Discuss ways to cut a rectangular casserole, circular pizza or similar food to feed various numbers of people so that each person gets an equal portion. Have your child draw a picture to show their thinking or take a picture and share!
Multiplication and Division
Pose equal sharing situations. Encourage your child to act out the situation usings cards, pennies or drawing out the situation. Example: 3 friends equally share 39 baseball cards. How many cards does each child get? Example of thinking...I know 3 x 10= 30. Then there are 9 cards left over and 3x3=9 so each child gets 10 + 3= 13. Each child gets 13 cards.
Ask your child to find factor pairs of a given number and say the resulting multiplication sentence. For example, 20. 4 x5=20, so 4 and 5 are a factor pair of 20.

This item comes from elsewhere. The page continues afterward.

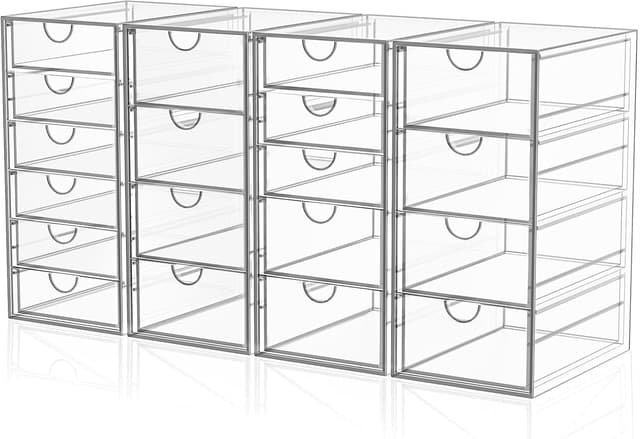 Detalle de YFXCVSL Acrylic Makeup Organizer 19 Drawers ๐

Provide your child with problems that have missing factors for division and multiplication practice. Example: 6 groups of how many forks would equal 18 forks?
Conceptual Place Value
Counting forward and backward by 10’s starting at a number other than 10 and going past 100 (this is extremely helpful with multi digit addition and subtraction)
Ie. 24, 34, 44, 54, 64, 74, 84, 94, 104, 114
Ie. 112, 102, 92, 82, 72, 62, 52, 42, 32, 22
When you are at a store or restaurant, tell your child the total amount of the bill (in dollar amounts only) and have your child round it to the nearest 10 and nearest 100.
Addition and Subtraction
Ask your child what comes right before a number AND what comes right after a number(within the range of 100)

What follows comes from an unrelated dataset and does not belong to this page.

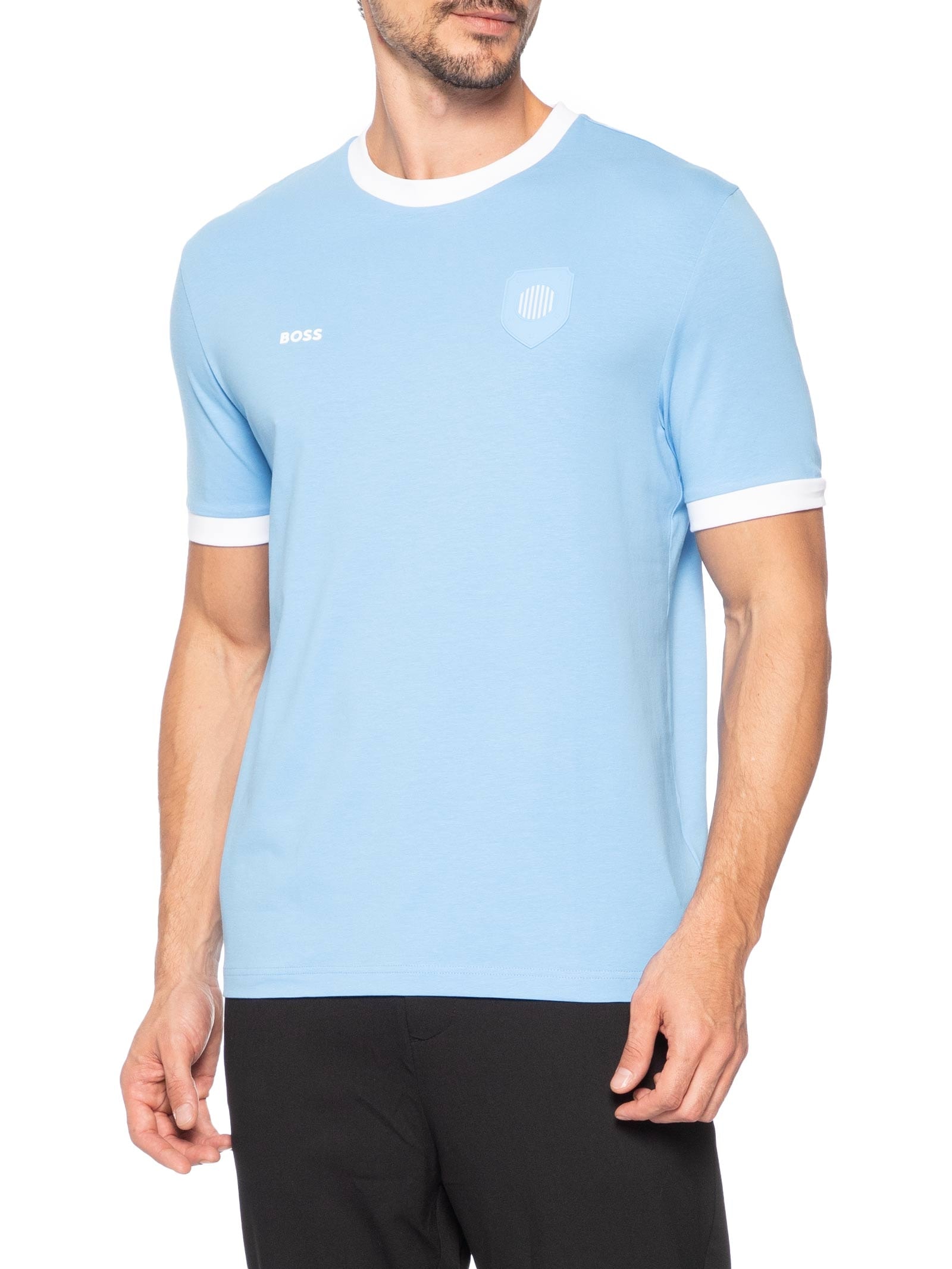 Camiseta Masculina Argentina Copa Lux Tee Azul Boss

Ask your child what is 2 more than a number AND what is two less than a number (within the range of 100)
Fact practice
Practice addition and subtraction extension facts
6+7=13 13-7=6
60+70=130 23-7=16
600+700=1300 53-7=46
Encourage your child to use mental strategies to solve multi-digit addition and subtraction. Ask students to explain their thinking and discuss the most efficient strategy (it's NOT always the standard algorithm)
398+202
300+200=500 398+2=400
98 + 2=100 400+200=600
500+100=600
Structuring Numbers
(combining and partitioning WITHOUT counting)

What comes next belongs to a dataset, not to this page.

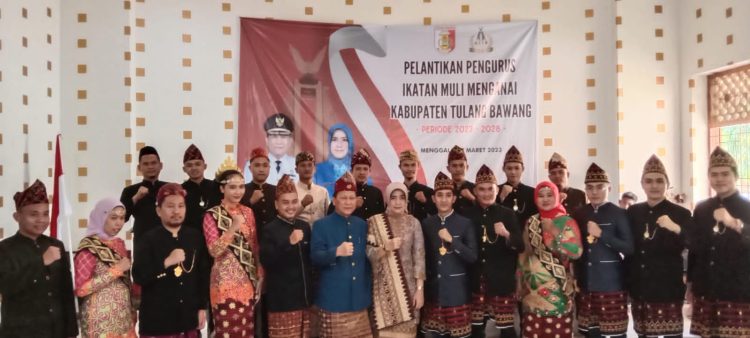 28 Pengurus Muli Menganai Tuba Dilantik.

Choose a number in the range of 20 and ask your child two different ways to make that number.
For example: 16
8 + 8 15+1 10+6
****Encourage students to shift to find additional addends --> 8+8 shift to 7+9
Number Identification
Have your child locate a multi-digit number in the newspaper or other parent approved location (grade 2: number less than 10,000, grade 3: number less than 100,000, grade 4: number less than 1,000,000) Have your child say or read the number.